The Monitor folks are a fastidious lot. While that tends to be the modus operandi of a group of engineers, it was a little surprising to see such attention brought to bear by their design group on a simple updated product line. "It's very rare that we're finishing a project that we're not ready immediately after to start again," Charles said. "There are things you've learned that you want to be able to apply to what you’ve just finished." He went on to explain that the outward differences of something like the first-generation Radius line through to the third-generation Radius line appear quite subtle. "The fundamentals are still exactly the same -- just a simple box with two circular metal grilles on it. But every time we've updated the range, we've thrown everything away and started again. There are very few components that we thought, Oh, we'll just use that again." I scoffed a bit at that comment. Surely not? Can that even be justified from a business perspective? As it turns out, "design" meant a great deal more than I was expecting it to. Almost every component found in a Monitor loudspeaker is designed and built in-house, with a strong emphasis on "almost every." "We use very few standard components -- every nut, every bolt, every screw; we design it," he said.

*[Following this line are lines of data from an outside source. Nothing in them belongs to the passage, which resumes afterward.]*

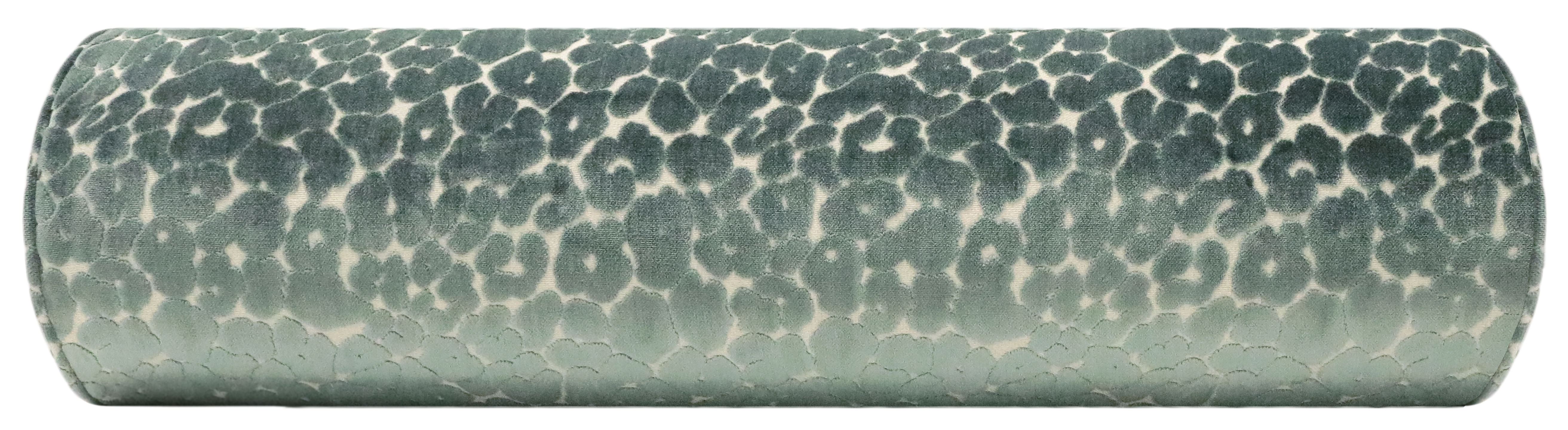 THE BOLSTER :: LEOPARD CUT VELVET // TURKISH BLUE - QUEEN // 9" X 36" - Image 1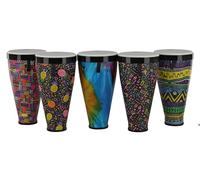 GEWA Liberty Timbau Tambores apilables - Tamaño (diámetro): 9« (22,8 cm), altura: 18» (45 cm) - Juego de 5: Colores - Crazy Neon, Piña, Abstracto, Batik, Sarong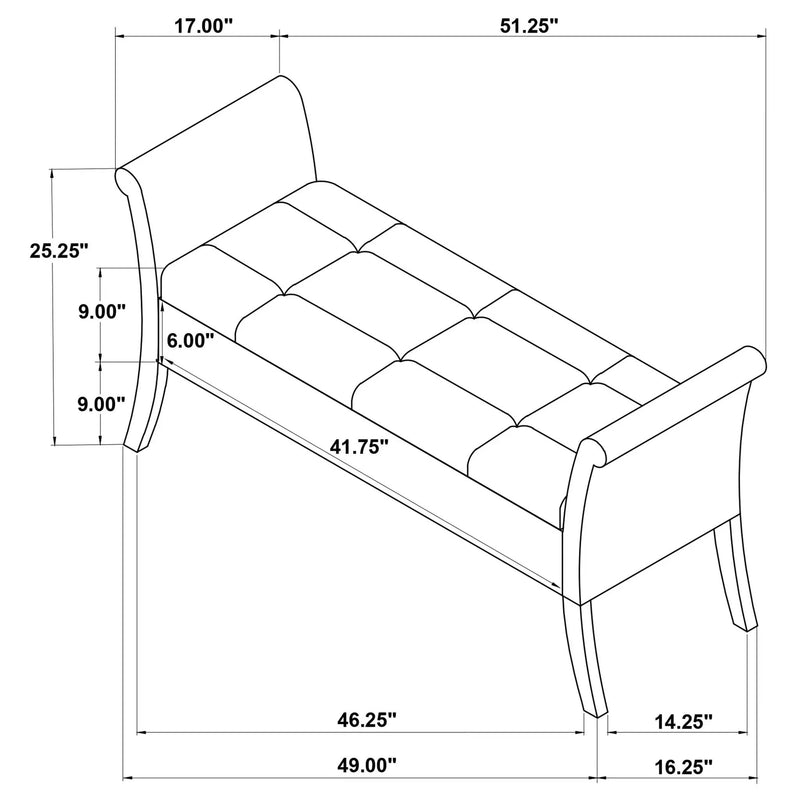 Pasley - Rolled Arm Storage Bench by HouseOfZazla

That is quite a fanatical dedication to product quality. Equally fascinating to me is the collaborative nature of this iterative design process. The team itself is relatively young, and they work in an open-format type of setting, where ideas are bandied about and discussed at length. Numerous times during my brief chat with Charles, several team members swiveled around to discuss something with a coworker, and they all seemed to be actually working, something I, myself, so often have trouble with. Each project has a single lead designer, however, "which is a good thing because there is consistent oversight and it ultimately makes for a better product," according to Charles. With most every concept, however, Dean's technical team has the final say given the acoustic considerations at play, which can make the design process challenging.

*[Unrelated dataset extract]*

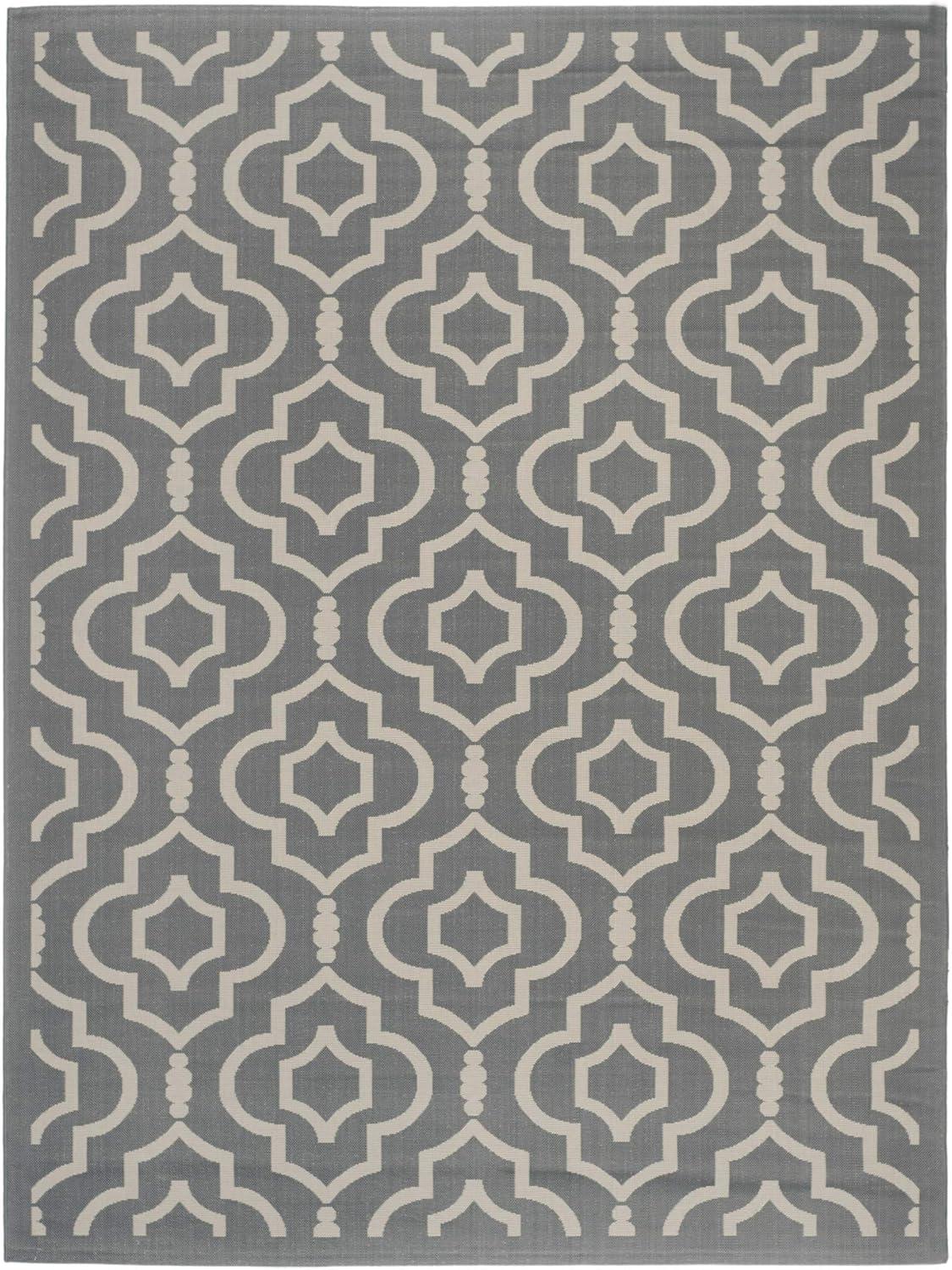 Anthracite and Beige Geometric 5' x 7' Outdoor Area Rug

Despite this, there is very little that Charles and his team are not able to overcome. When asked if they ever outsource any pestering issues that arise, he said that it has been a while. "We normally just go to the suppliers. Once we explain a challenge, they're often able to say, 'Well, there's another way of doing what you're trying to do that will work.'" I discovered that this communication with their suppliers, and with the folks in Monitor's Chinese factory, is a common thing. The company has a permanent team there, with both a design team and a technical team, who are roughly the same size as their English counterparts. These teams are Monitor employees, not contractors, and have an international makeup about them. "We Skype most every day," Charles said, and his team is able to e-mail computer models of a given product back and forth between the factory and their suppliers so that there is complete understanding of a concept's objectives. And going from start to finish, from idea to mass production, takes between 12 and 18 months. Remarkable.
"You're constantly learning," Charles mused as we wrapped up our discussion. "That's the good thing. You want that ambition, to be constantly making something better. I think it'd be a problem if we ever released a product and thought, well, that's perfect."
Hans Wetzel
Senior Contributor, SoundStage!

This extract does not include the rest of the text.